I would say it has to be the media, in our times, we were also taught to hate the other but it was not blaring on the television screens all day long. There is also the fact that direct contact between the two is almost non-existent.
Like I have mentioned many times before, the first time I actually met an Indian, I feared he would kill me.
I was in Bahrain, only 10 at the time, visiting with my family and staying in an expensive hotel with a pool which I decided to go to late in the evening. The guard was just getting ready to call it a day when I came and asked him in english if I and my siblings could swim to which he said yes. As soon as we were about to go to the changing rooms, he spoke up:
Guard: "Aap Pakistan say hain?"
I replied in an affirmative and asked me where exactly asked me about family and then I asked him where he is from, with a faint smile, he said hum aap kay paros main say hain, I thought he meant my city so I asked him, "Pindi?"
He replied "India" and all of a sudden, the life just left me. All I had ever heard about India was how many people they had killed in Kashmir and nothing more and I assumed that they were all cold-blooded killers. I immediately thought that he might try to harm my younger siblings and I shouted for them to leave as it was already getting too late.
The guard asked me if we did not wish to swim, he was willing to stay on for some more time but I just said we wanted to take a look and will come back in the morning, which was an obvious lie.
On the way back from our international trip though, I shared a seat with a really nice Indian lady, she talked with me and my family the entire way, sang dil, dil Pakistan with me and asked me to come to Ludhiana if I am ever in India, then I realized that these are also people like us.
I think more youngsters need to actually meet someone from the other country to start seeing them as people rather than as just the media stereotypes that they are portrayed to be.
Sir, I hope you have been emphasizing this point in your lectures!
The last thing first: I am now getting known as soft on Pakistanis, and soft on Muslims as well, the irony being that my VC, who is my benefactor, is an Aligarh product (also in service there, here on secondment). As for telling the kids that they need to see people as people, not as national stereotypes, at this university, which is a bit of an elite place (they qualify through the Common Law Admission Test, which some 40,000 take, of some 1,400 qualify for seats), they are not too bad, not like the run of the mill colleges. Frankly, I tend to see people who think in a regressive way as abnormal, and I think that it is more accurate to think of ourselves as normal.

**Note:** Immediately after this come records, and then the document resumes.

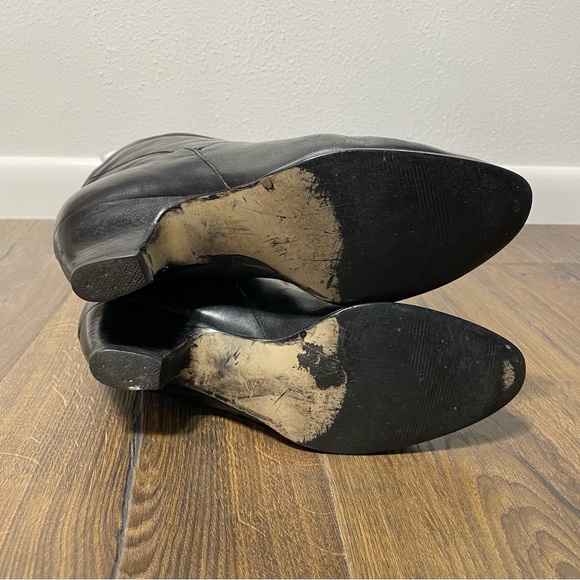 Leather Black Kitten Heel Boots - Picture 6 of 7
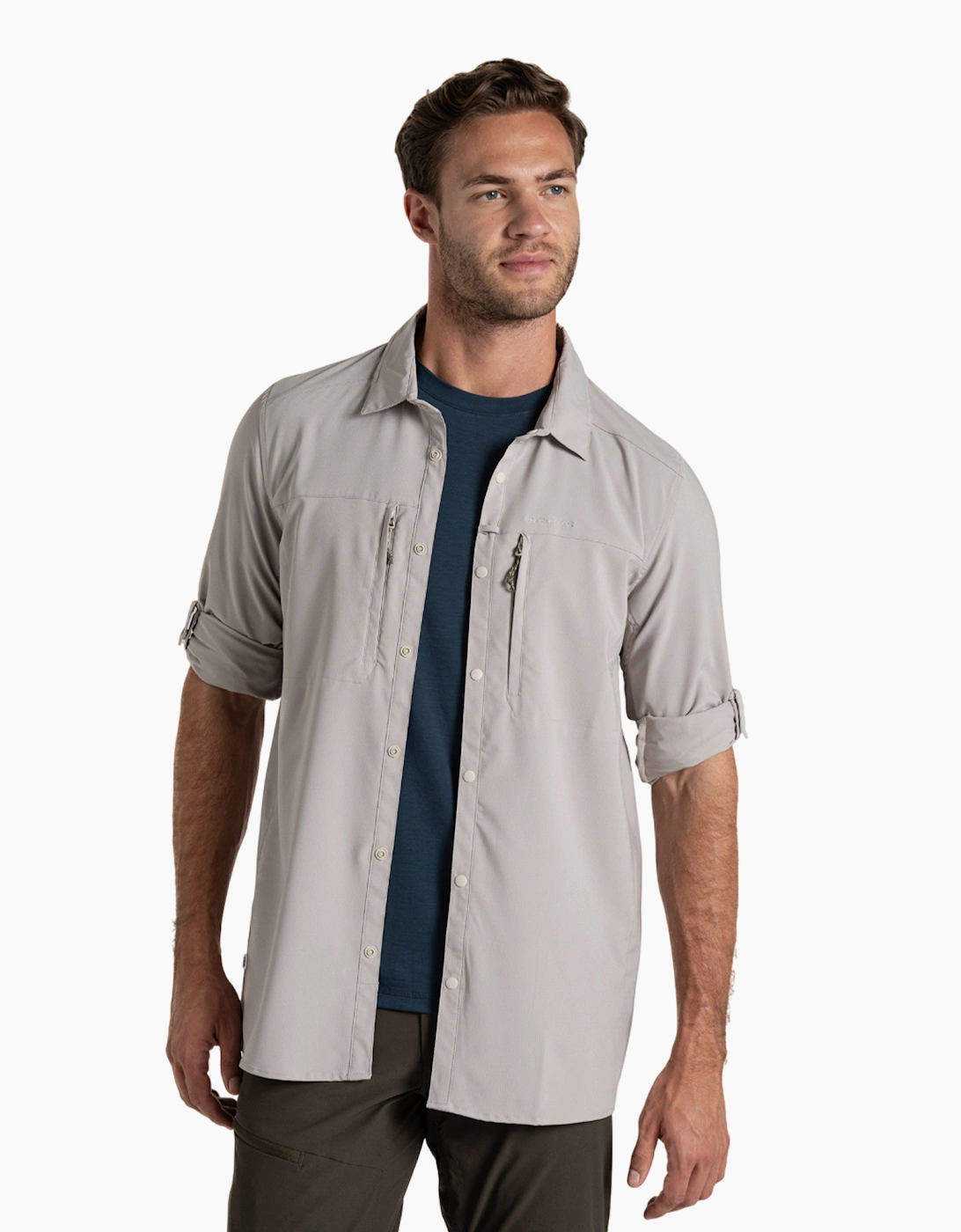 Craghoppers Men's Grey Nosilife Long-Sleeved Shirt - Size 42/Regular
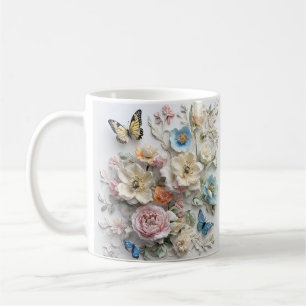 Taza De Café 3.d Patrón Floral Con Mariposas Vibrantes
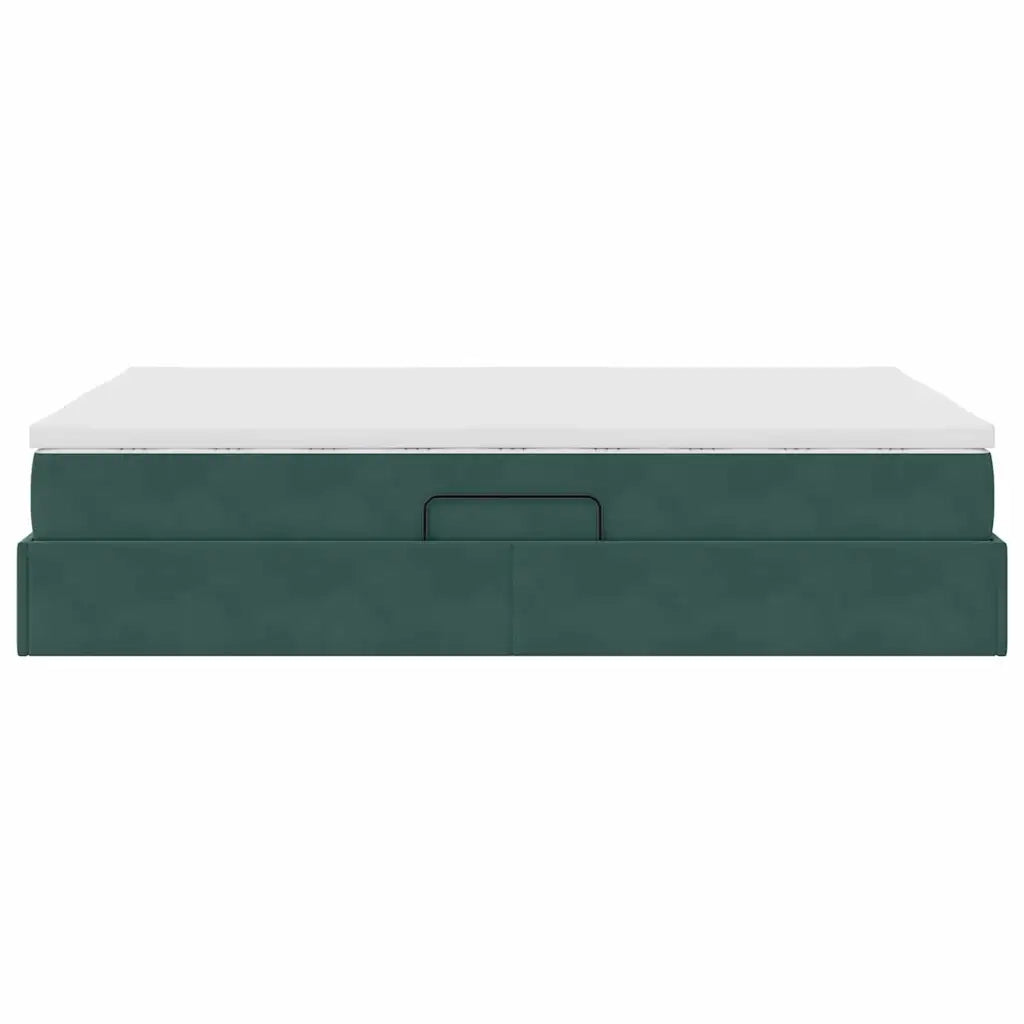 Letto con contenitore e materasso Verde Scuro 140 x 200 cm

I went on to my first Pakistani site after Bombay, to find out who wanted to kill us, and why. That was Professor Adil Najam's All Things Pakistan, and there cannot possibly be a more decent, more civilised introduction to Pakistan. I actually became fast friends with some of them.
That led me to Pak Tea House, where I was taken by some of my new friends, and that was almost home. It still is, in some ways.
Some six of us, three from each country, coincidentally, then formed a private mailing list, when PTH was over-run by Hindutva-vadis and it became too much for our stomachs. That has grown to ten, but will stay very small, because we discuss the most difficult subjects, sometimes get angry with each other, but always make peace at the end of play. We are hoping to get together in the flesh, although there have been some small meetings on the side, for instance, when the remarkable Yasser Latif Hamdani came to Delhi (his account was quite ambiguous; liked Delhi, and some Dilli-wallahs, was quite critical about the condition of Muslims in Delhi, and about some bumptious Indians - which just proves that he is perfectly normal). That meeting sounds too difficult to organise in Lahore, our first wish, or even in Delhi, our second, so it will probably happen in Dubai (so what's new?). Some other side meetings have happened in London.
We have just fought a very bitter war on the Kashmir issue in that list, and one of my closest friends and I were locked in mortal combat for nearly two weeks - truce was declared and peace broke out a few days ago. You will be amused to learn that the range of options there very closely mirrored the options generated here. The only difference is that there was no name-calling there, as there has been here. But that's because we are very close friends there.